• Author(s): Hanwen Jiang, Arjun Karpur, Bingyi Cao, Qixing Huang, Andre Araujo

The field of image matching has seen a rapid development of learnable feature matching techniques, consistently pushing the boundaries of performance on standard benchmarks. However, a closer examination reveals that despite these advancements, their applicability to real-world scenarios is hindered by limited generalization abilities when faced with novel image domains.

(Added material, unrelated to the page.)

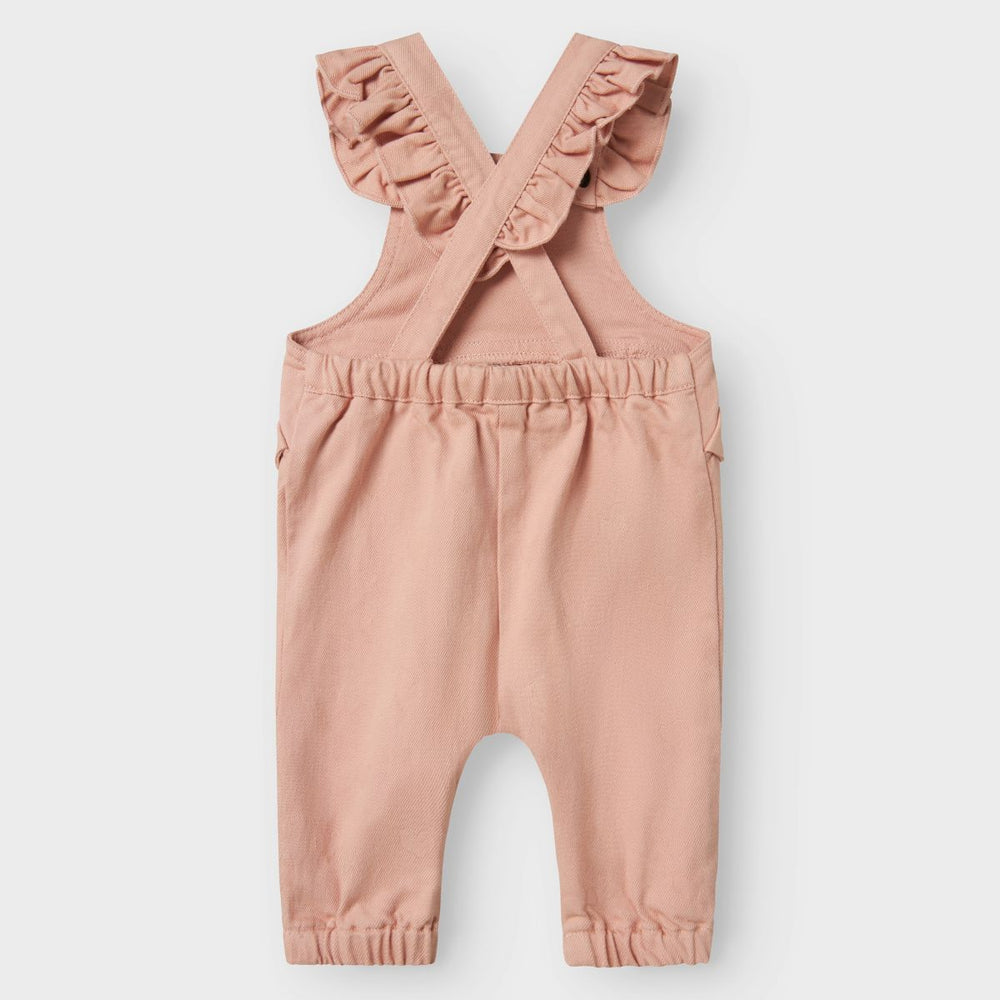 Stel de leukste looks samen met deze te schattige lamina baby overall in de kleur misty rose van het merk Lil' Atelier! Deze geweldige overall zit niet alleen heel lekker, maar zorgt ook voor een super stijlvolle look! VanZus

OmniGlue, introduced in this paper, stands as the first learnable image matcher designed with generalization as its core principle. By harnessing the extensive knowledge of a vision foundation model, OmniGlue guides the feature matching process, significantly enhancing its generalization to previously unseen domains during training. Furthermore, a novel keypoint position-guided attention mechanism is proposed, effectively separating spatial and appearance information, resulting in improved matching descriptors. Extensive experiments conducted across a range of 7 datasets, encompassing scene-level, object-centric, and aerial images, demonstrate the effectiveness of OmniGlue’s innovative components.

Compared to a directly comparable reference model, OmniGlue achieves a substantial 20.9% relative improvement on unseen domains, while also surpassing the recent LightGlue method by a relative 9.5%. These findings highlight the potential of OmniGlue as a highly generalizable, learnable image matcher, paving the way for more robust and versatile image matching applications in real-world scenarios.